It was where we went on our first date. It was where we took our kids for meals out. And it was the one place we always knew we could get something decent to eat when we were stranded in a strange town. As Pizza Express runs into trouble and could ultimately fold, there has been a wave of nostalgic affection for the chain. Twitter is alive with campaigns to come to its rescue, and the tabloids are serving up elegiac farewells. At this point, it would hardly be a great surprise if John McDonnell called for it to be nationalised, or if Boris Johnson stepped in to create a ‘People’s Pizza’ company to buy it out.
True, it was a great business in its day. In the half century after it was founded in Soho in 1965, it introduced the concept of casual dining – smart, reasonably priced, stylish, reliable restaurants on the High Street – to Britain. It was a pioneer, which showed a post-war boiled potatoes and pork chops country that good Italian food could be served in an attractive atmosphere just about anywhere and money could be made from it. Without it, all of our culinary experiences would have been far poorer.
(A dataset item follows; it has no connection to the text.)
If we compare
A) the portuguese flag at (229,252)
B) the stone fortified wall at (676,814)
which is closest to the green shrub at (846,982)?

And yet the reality is that Pizza Express is also a hollowed out shell of a company. Over the last twenty years it has been swapped between private equity houses and loaded up with mountains of debt. It was floated on the stock market in 1993, taken over by an investment firm, then re-floated, and then passed from one private equity house to another until its current owner, China’s Hony Capital, bought it for £900 million in 2014. Each time it switched from one anonymous group of financiers to another it lost a little more of its soul until there was not very much left.
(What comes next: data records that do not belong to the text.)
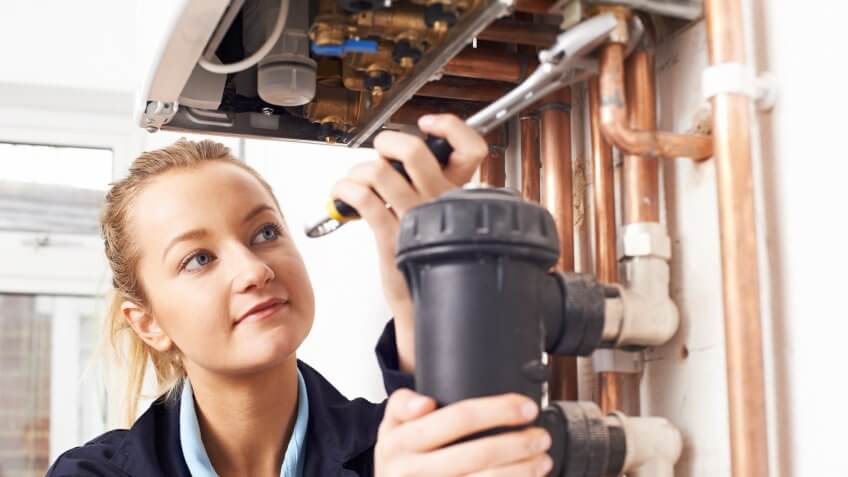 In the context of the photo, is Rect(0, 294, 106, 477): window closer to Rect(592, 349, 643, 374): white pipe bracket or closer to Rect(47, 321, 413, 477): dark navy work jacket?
Rect(47, 321, 413, 477): dark navy work jacket

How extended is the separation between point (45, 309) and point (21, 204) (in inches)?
11.4

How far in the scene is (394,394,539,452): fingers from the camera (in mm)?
608

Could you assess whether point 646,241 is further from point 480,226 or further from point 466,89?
point 466,89

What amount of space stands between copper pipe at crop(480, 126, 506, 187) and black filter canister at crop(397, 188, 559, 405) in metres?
0.35

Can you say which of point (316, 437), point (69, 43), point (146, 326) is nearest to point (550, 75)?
point (316, 437)

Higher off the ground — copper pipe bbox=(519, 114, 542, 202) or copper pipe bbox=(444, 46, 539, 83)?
copper pipe bbox=(444, 46, 539, 83)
It is a long time since it innovated on anything. The pizzas seemed smaller and smaller (a typical private equity trick) the premises started to look slightly run down and the menus hardly changed from year to year. In the meantime, the companies it inspired raced past it. There are far better-run chains out there and thousands of artisan restaurants have opened up around the country. And there are dozens of more imaginative, stylish casual dining chains such as Nando’s or Chiquito. We can choose from Mexican, Asian-fusion, Thai, Lebanese or Chinese, or some combination of them all. With so much choice, there was nothing special about Pizza Express anymore.
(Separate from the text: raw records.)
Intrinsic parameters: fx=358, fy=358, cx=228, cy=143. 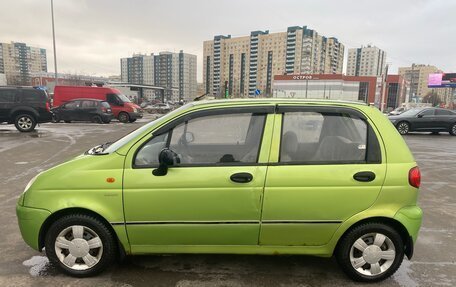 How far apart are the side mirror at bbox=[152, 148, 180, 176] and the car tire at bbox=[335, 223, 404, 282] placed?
5.58 ft

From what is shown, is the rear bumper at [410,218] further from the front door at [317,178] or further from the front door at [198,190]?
the front door at [198,190]

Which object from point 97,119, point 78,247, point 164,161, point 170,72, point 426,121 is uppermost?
point 170,72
There is nothing unusual about that. Capitalism advances through creative destruction.
In its pomp, Pizza Express helped turn the British restaurant trade upside down and introduced us to a whole new way of eating. That is what entrepreneurs do. But after half a century, it is about as stale as month-old dough ball. So we could do without the crocodile tears.
It remains to be seen what happens to Pizza Express. If it can find a way to restructure its debts, then great. It might even have some money to freshen up its menu and premises. But if it goes down it will only be the Chinese private equity owners who really suffers. No one else needs to mind very much.